[What needs to be done] Among the lines below, output only those between the line holding "萌趣小熊水杯，彩色帽子配吸管，可爱又实用！细节图" and the line holding "Boucles d'oreilles pendantes", inclusive, exactly as written and with no pictures.
=== Data for review ===
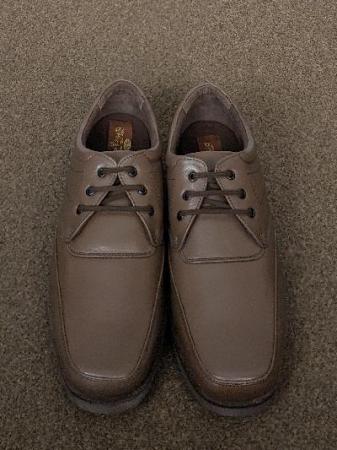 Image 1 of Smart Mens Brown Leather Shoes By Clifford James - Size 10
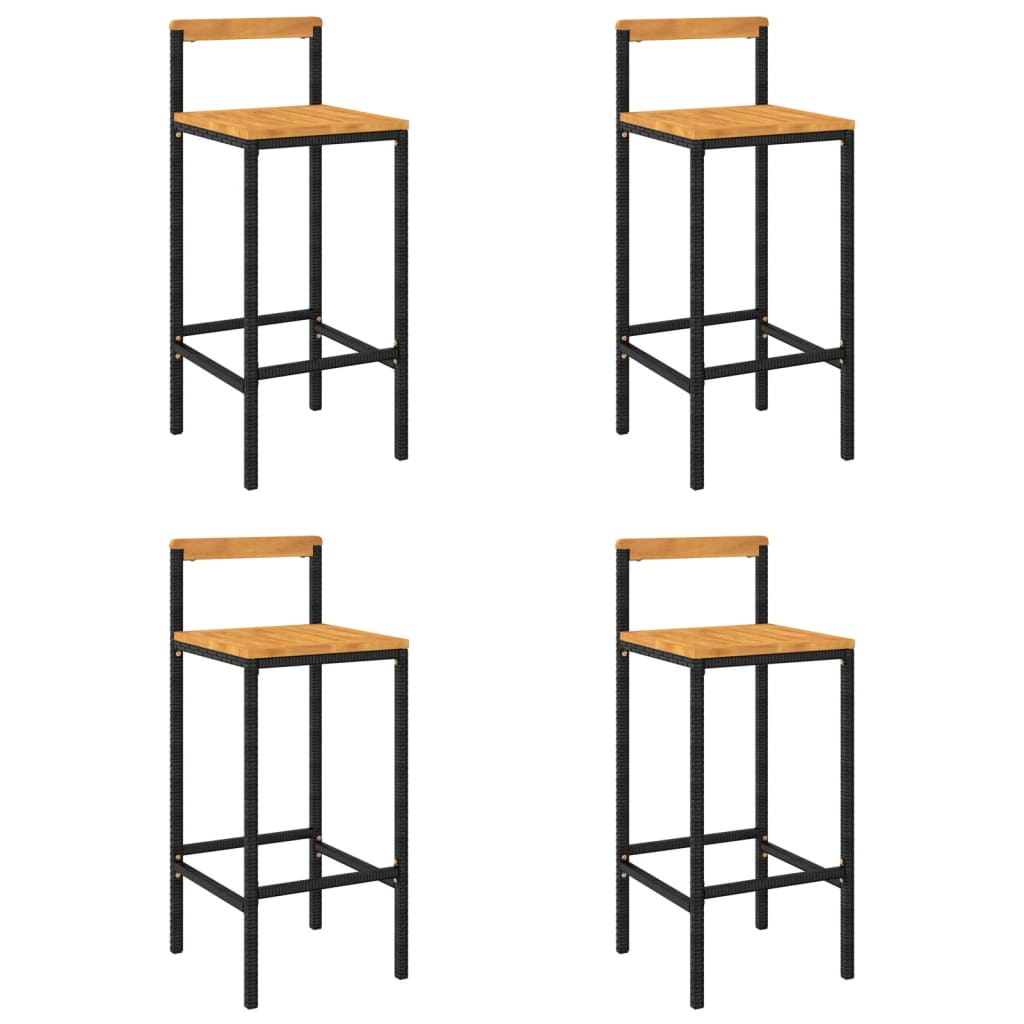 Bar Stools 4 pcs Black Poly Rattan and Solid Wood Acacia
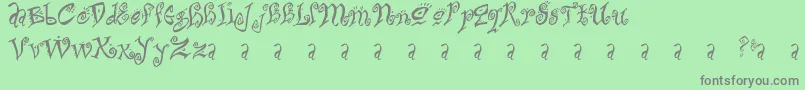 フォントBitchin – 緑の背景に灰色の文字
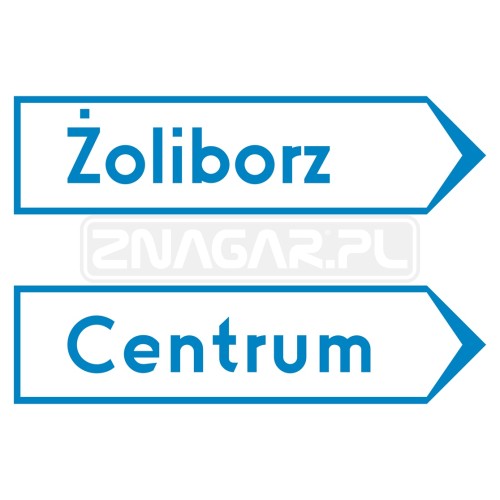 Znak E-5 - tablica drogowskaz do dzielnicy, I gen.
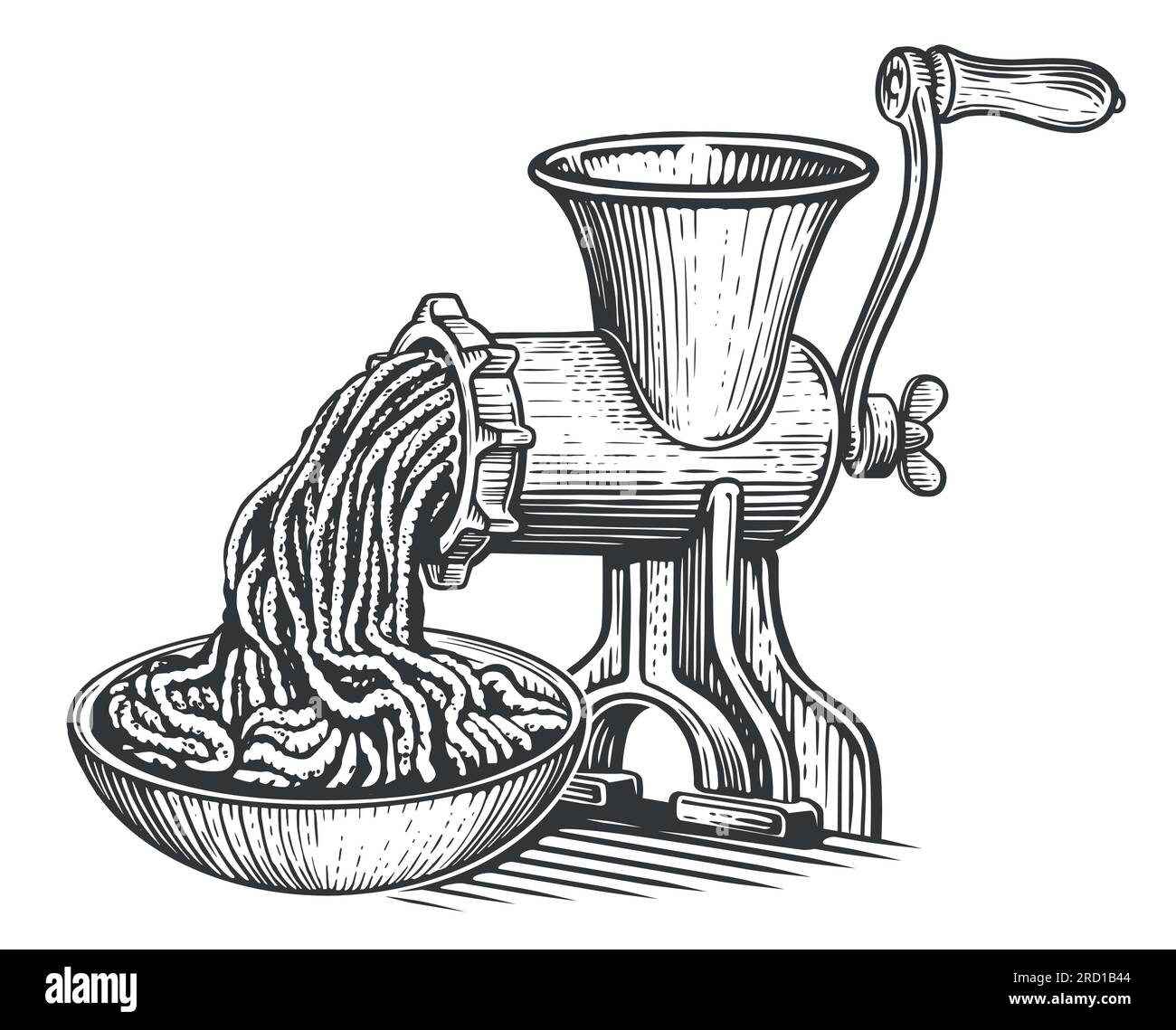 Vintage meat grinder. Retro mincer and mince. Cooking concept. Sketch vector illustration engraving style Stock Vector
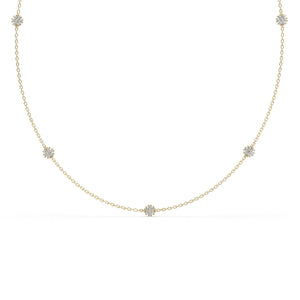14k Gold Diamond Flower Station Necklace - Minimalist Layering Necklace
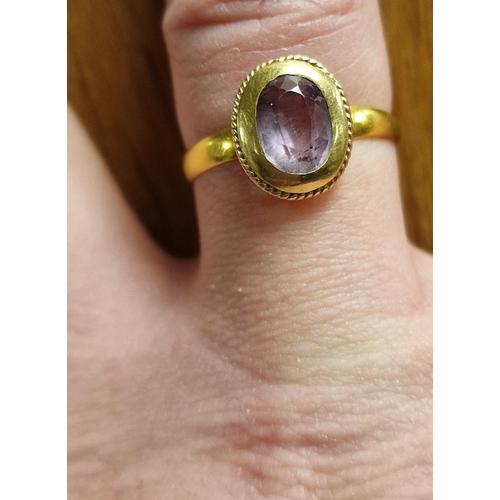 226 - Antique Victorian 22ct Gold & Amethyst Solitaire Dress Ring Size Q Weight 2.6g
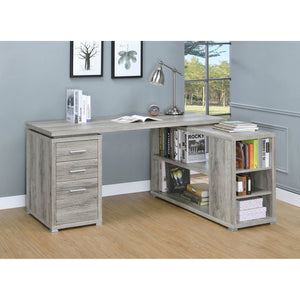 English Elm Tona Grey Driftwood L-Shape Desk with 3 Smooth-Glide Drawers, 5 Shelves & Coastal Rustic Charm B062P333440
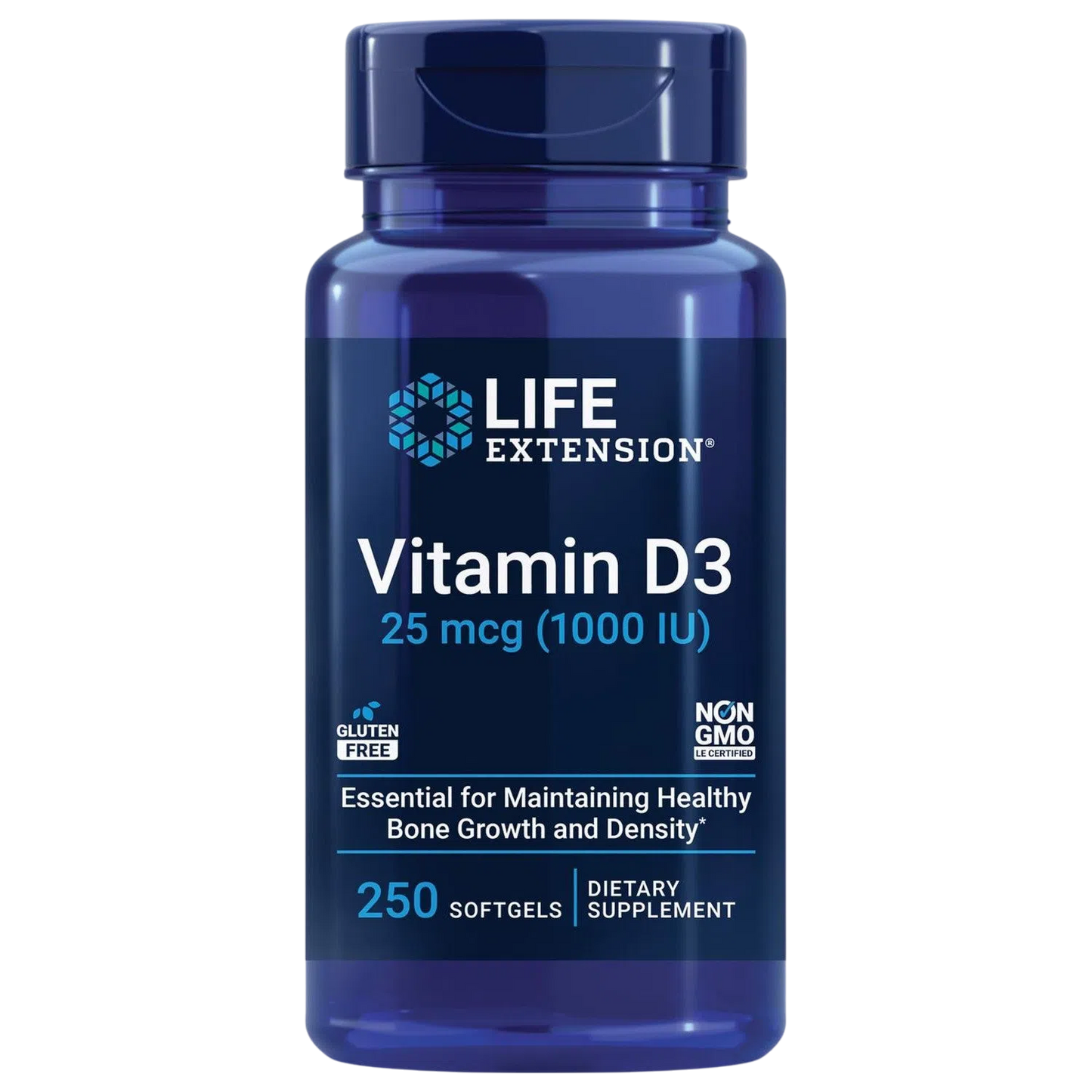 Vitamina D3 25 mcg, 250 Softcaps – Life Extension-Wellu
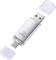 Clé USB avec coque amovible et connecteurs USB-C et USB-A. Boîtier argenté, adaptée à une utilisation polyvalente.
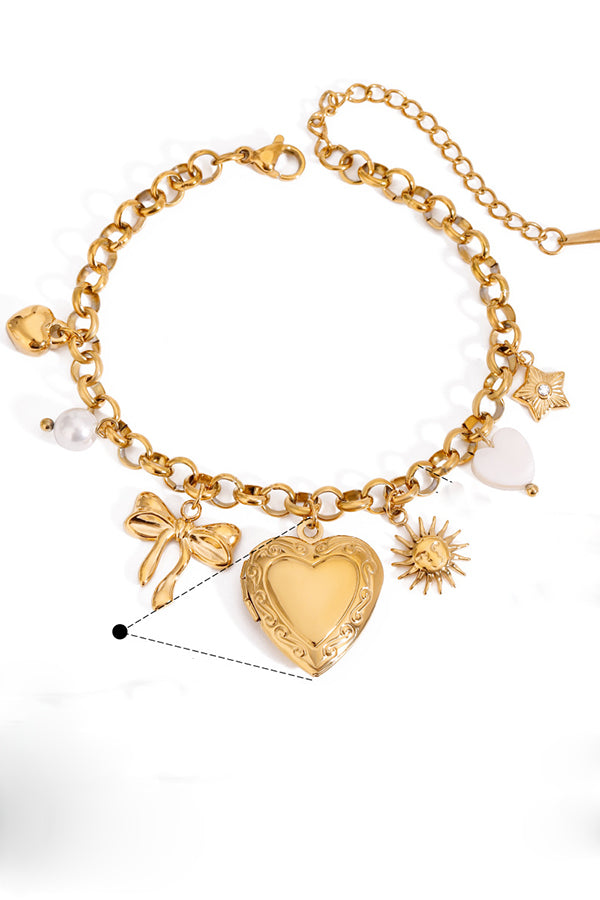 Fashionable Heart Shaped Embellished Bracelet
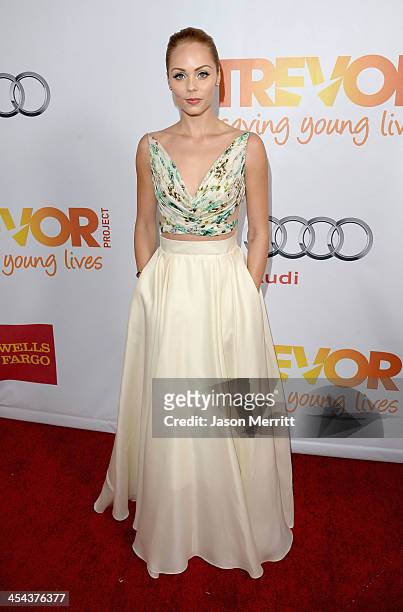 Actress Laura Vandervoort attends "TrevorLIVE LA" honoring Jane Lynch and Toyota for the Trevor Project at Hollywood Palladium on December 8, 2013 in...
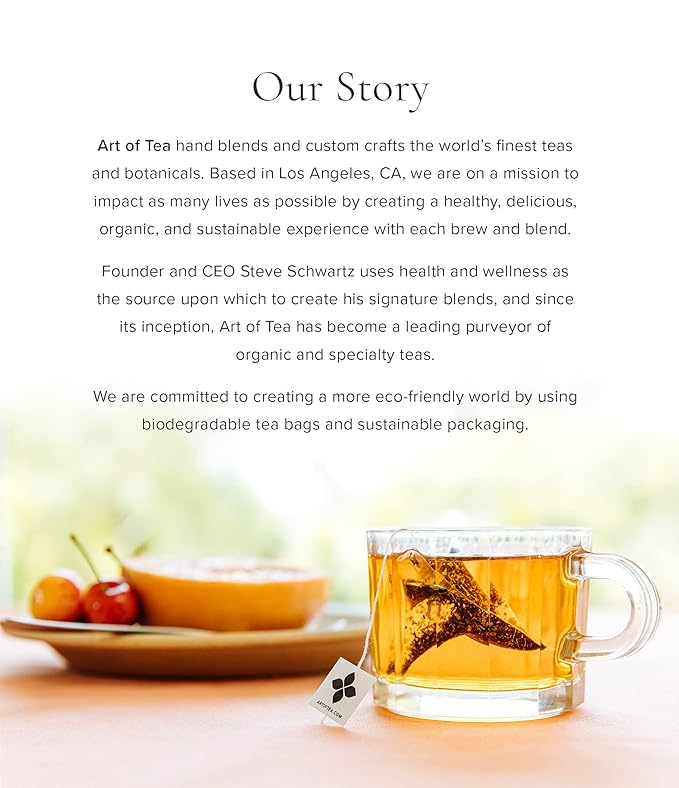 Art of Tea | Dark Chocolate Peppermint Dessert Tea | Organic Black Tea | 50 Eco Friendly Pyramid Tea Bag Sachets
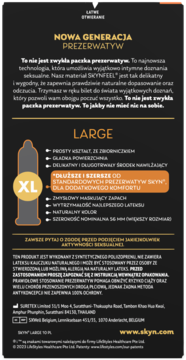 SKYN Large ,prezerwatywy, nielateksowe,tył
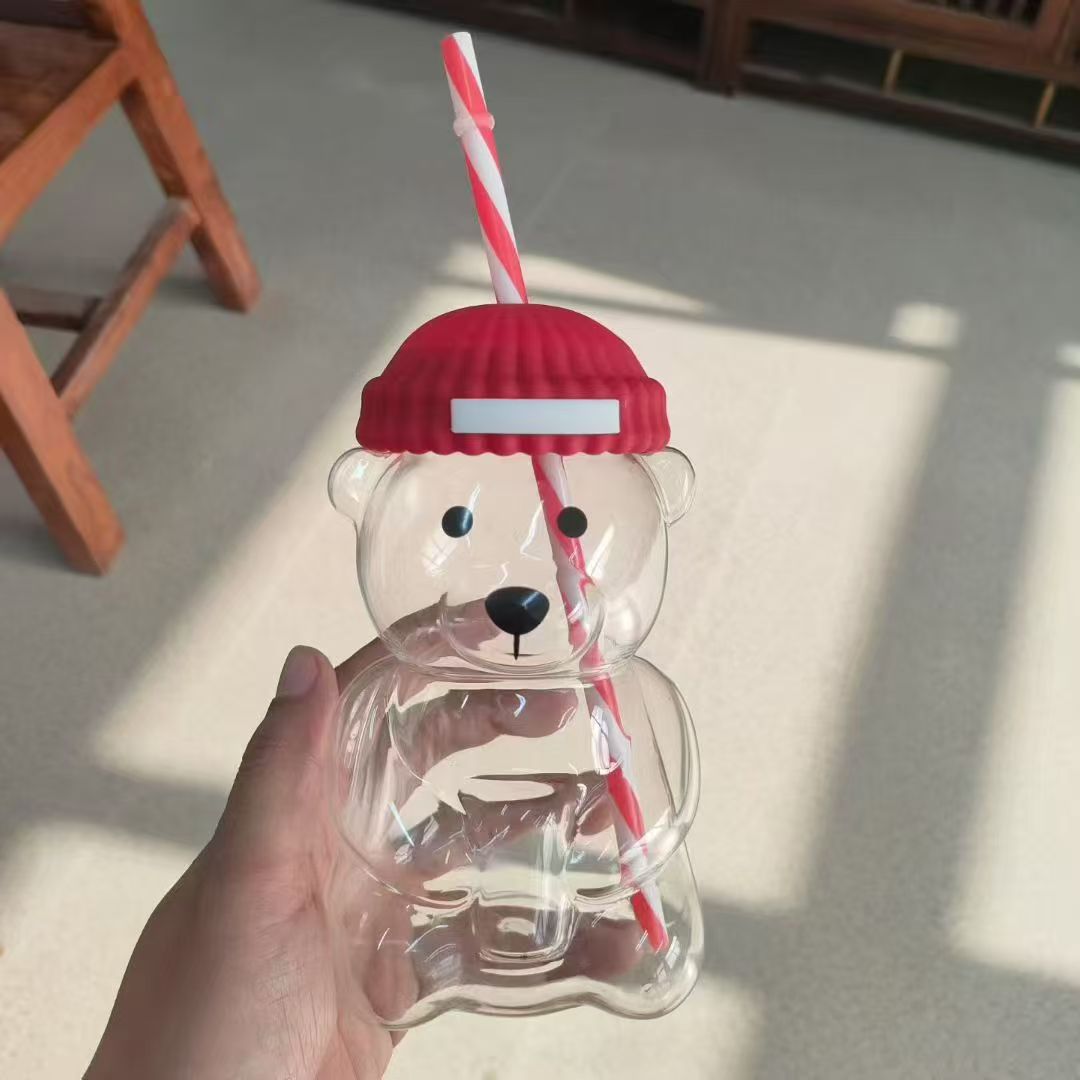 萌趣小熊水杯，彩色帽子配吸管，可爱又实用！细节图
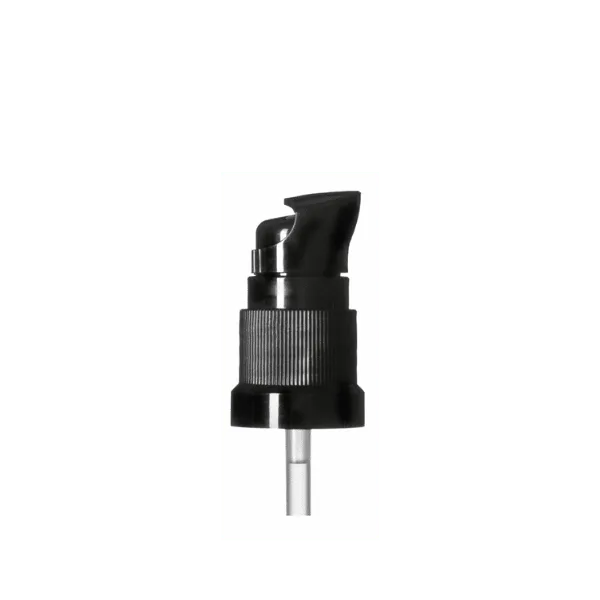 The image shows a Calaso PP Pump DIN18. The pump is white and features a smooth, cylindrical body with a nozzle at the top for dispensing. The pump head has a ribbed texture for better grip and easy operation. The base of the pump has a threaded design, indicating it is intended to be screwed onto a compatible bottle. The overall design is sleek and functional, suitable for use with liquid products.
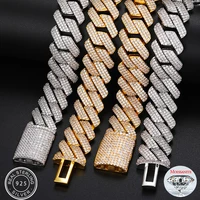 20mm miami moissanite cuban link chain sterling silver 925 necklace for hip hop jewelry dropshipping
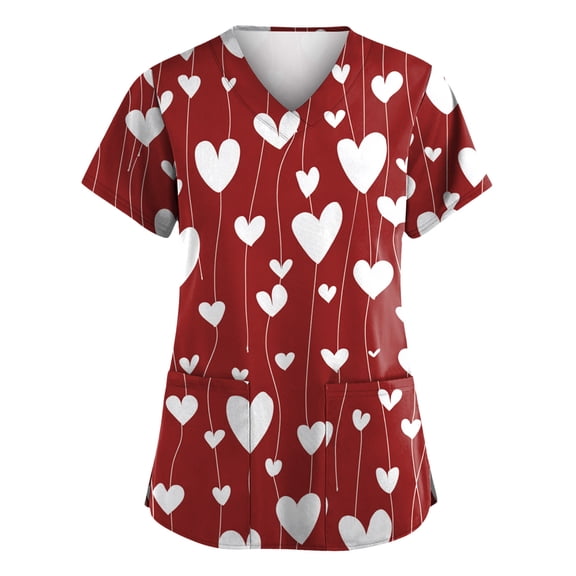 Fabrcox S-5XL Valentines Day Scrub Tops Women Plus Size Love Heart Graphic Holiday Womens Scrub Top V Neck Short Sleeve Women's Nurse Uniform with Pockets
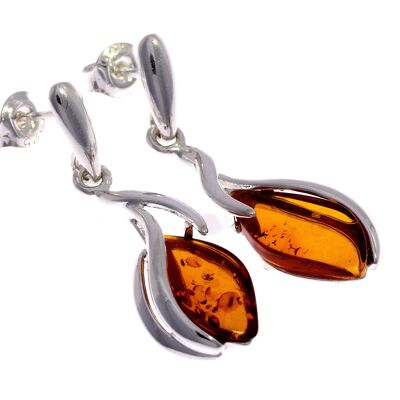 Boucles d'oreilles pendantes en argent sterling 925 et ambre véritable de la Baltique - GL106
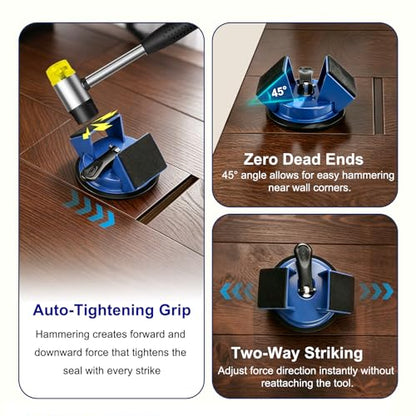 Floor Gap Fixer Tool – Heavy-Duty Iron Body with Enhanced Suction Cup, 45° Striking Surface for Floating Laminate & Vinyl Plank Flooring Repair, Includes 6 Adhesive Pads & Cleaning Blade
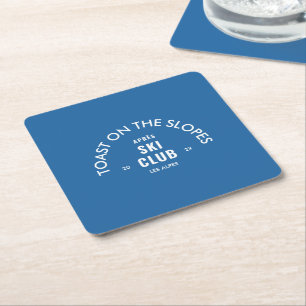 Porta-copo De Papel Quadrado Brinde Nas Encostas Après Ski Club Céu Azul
===
[Solution to this exercise]
 萌趣小熊水杯，彩色帽子配吸管，可爱又实用！细节图
 The image shows a Calaso PP Pump DIN18. The pump is white and features a smooth, cylindrical body with a nozzle at the top for dispensing. The pump head has a ribbed texture for better grip and easy operation. The base of the pump has a threaded design, indicating it is intended to be screwed onto a compatible bottle. The overall design is sleek and functional, suitable for use with liquid products.
 20mm miami moissanite cuban link chain sterling silver 925 necklace for hip hop jewelry dropshipping
 Fabrcox S-5XL Valentines Day Scrub Tops Women Plus Size Love Heart Graphic Holiday Womens Scrub Top V Neck Short Sleeve Women's Nurse Uniform with Pockets
 Boucles d'oreilles pendantes en argent sterling 925 et ambre véritable de la Baltique - GL106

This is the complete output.